**Directions**
From top to bottom, print the listing word for word and skip any pictures it contains.

**Dataset records**
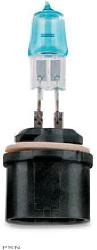 Bluhm enterprises brite lites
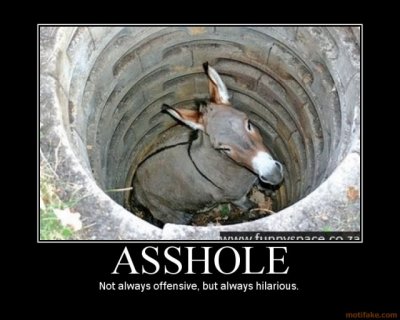 asshole-funny-demotivational-poster.jpg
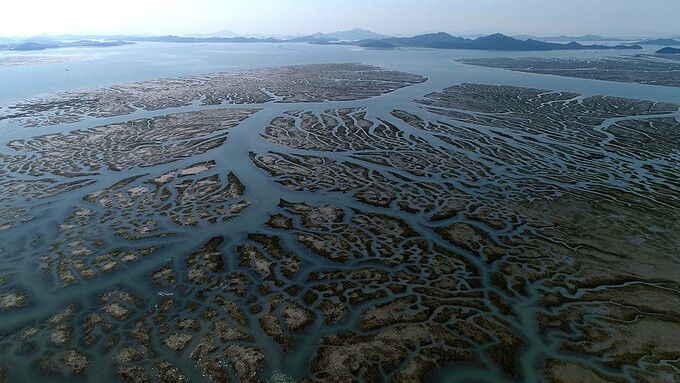 새만금 수라갯벌을 다룬 황윤 감독 다큐멘터리 ‘수라’의 한 장면. 스튜디오 두마 제공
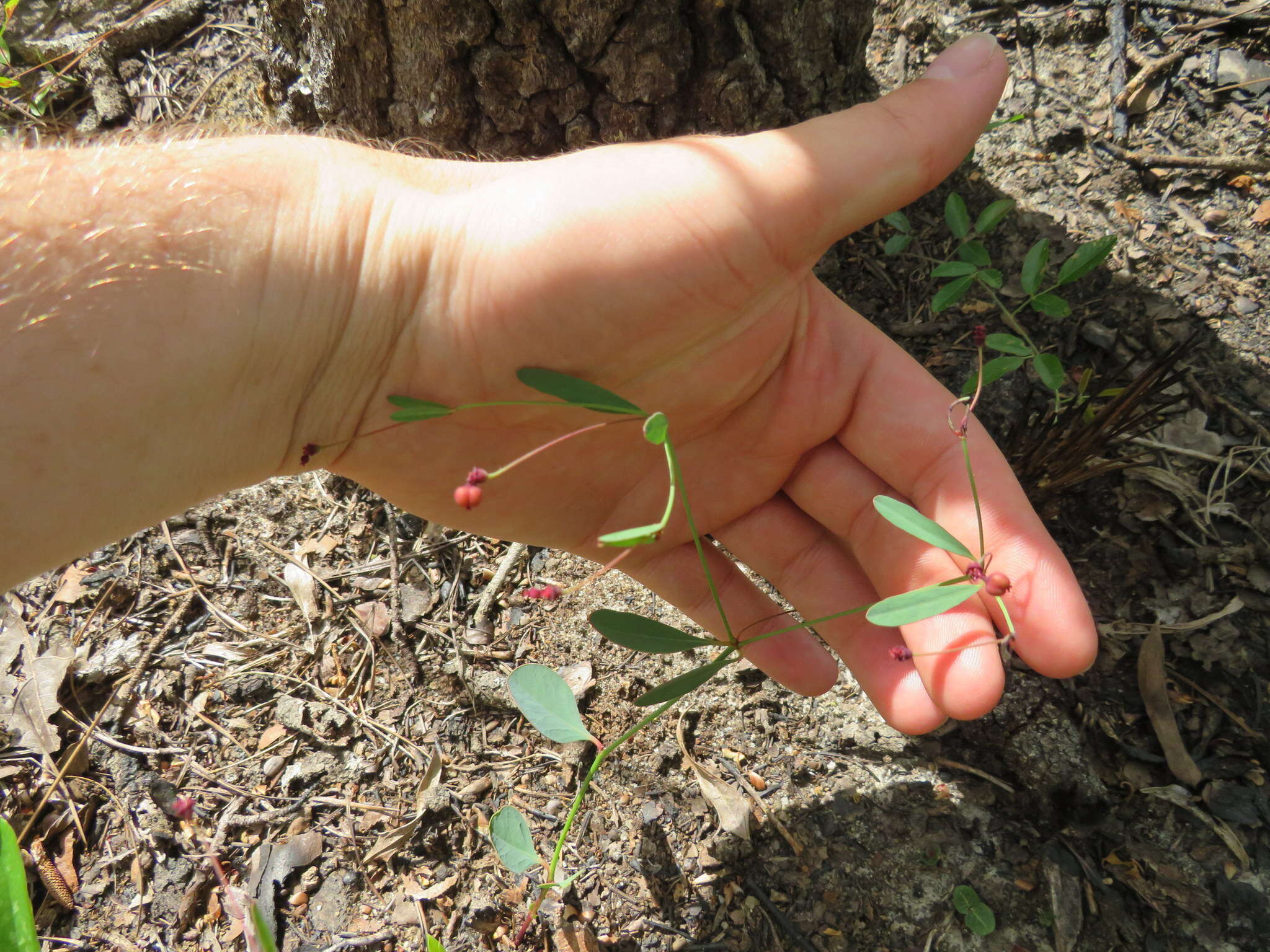 Image of coastal sand spurge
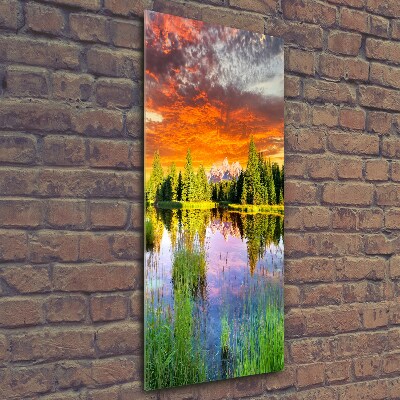 Foto obraz na szkle pionowy Jezioro w lesie
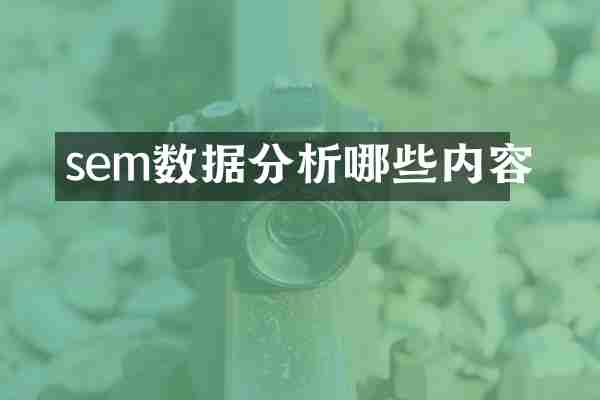 sem数据分析哪些内容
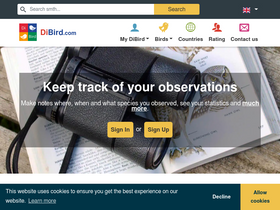 'dibird.com' screenshot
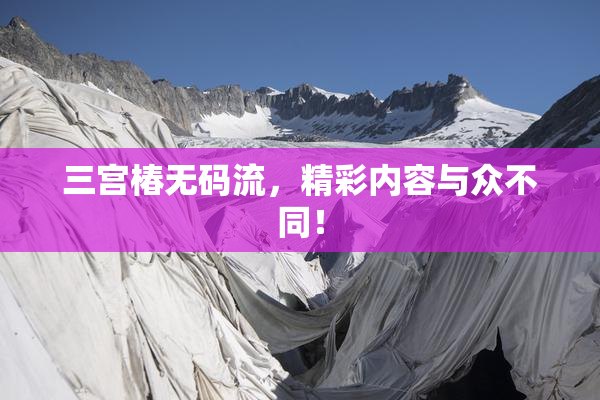 三宫椿无码流，精彩内容与众不同！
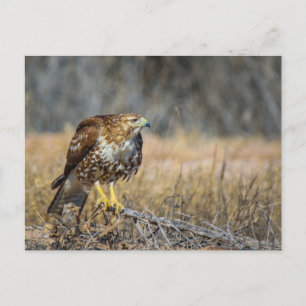 Carte Postale œil de faucon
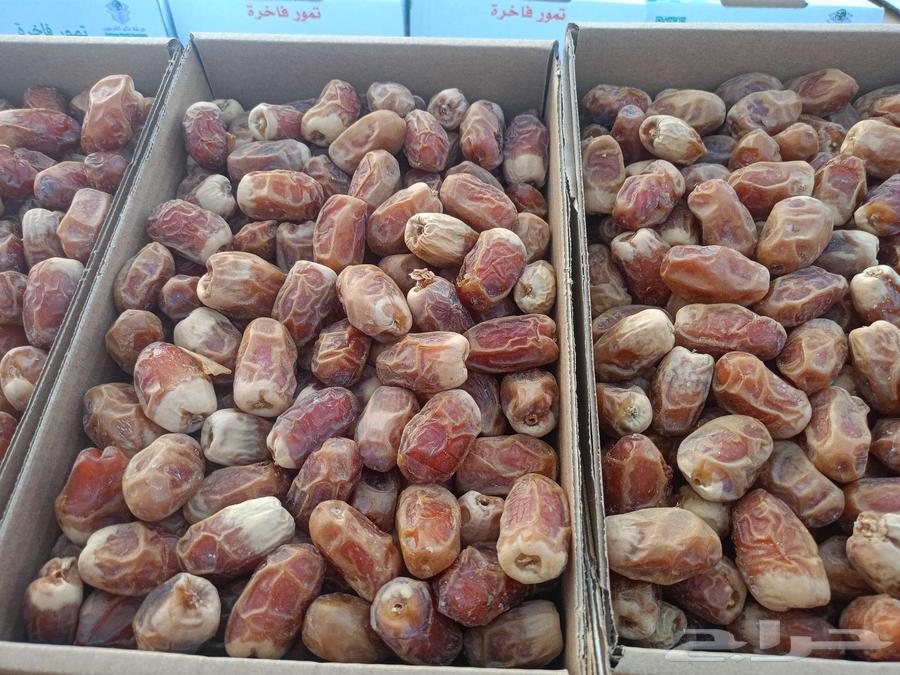 للبيع تمر صقعي الكرتون تقريبا  كيلوين64505724298371114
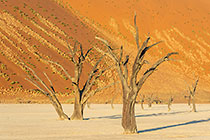 camelthorn trees in front of sand dune slope at sunset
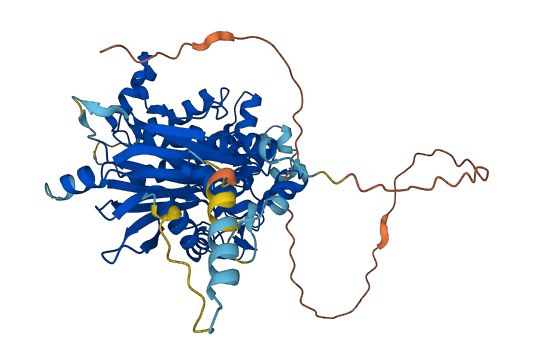 PDP1 3D structure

**Worked solution**
 Bluhm enterprises brite lites
 asshole-funny-demotivational-poster.jpg
 새만금 수라갯벌을 다룬 황윤 감독 다큐멘터리 ‘수라’의 한 장면. 스튜디오 두마 제공
 Image of coastal sand spurge
 Foto obraz na szkle pionowy Jezioro w lesie
 sem数据分析哪些内容
 'dibird.com' screenshot
 三宫椿无码流，精彩内容与众不同！
 Carte Postale œil de faucon
 للبيع تمر صقعي الكرتون تقريبا  كيلوين64505724298371114
 camelthorn trees in front of sand dune slope at sunset
 PDP1 3D structure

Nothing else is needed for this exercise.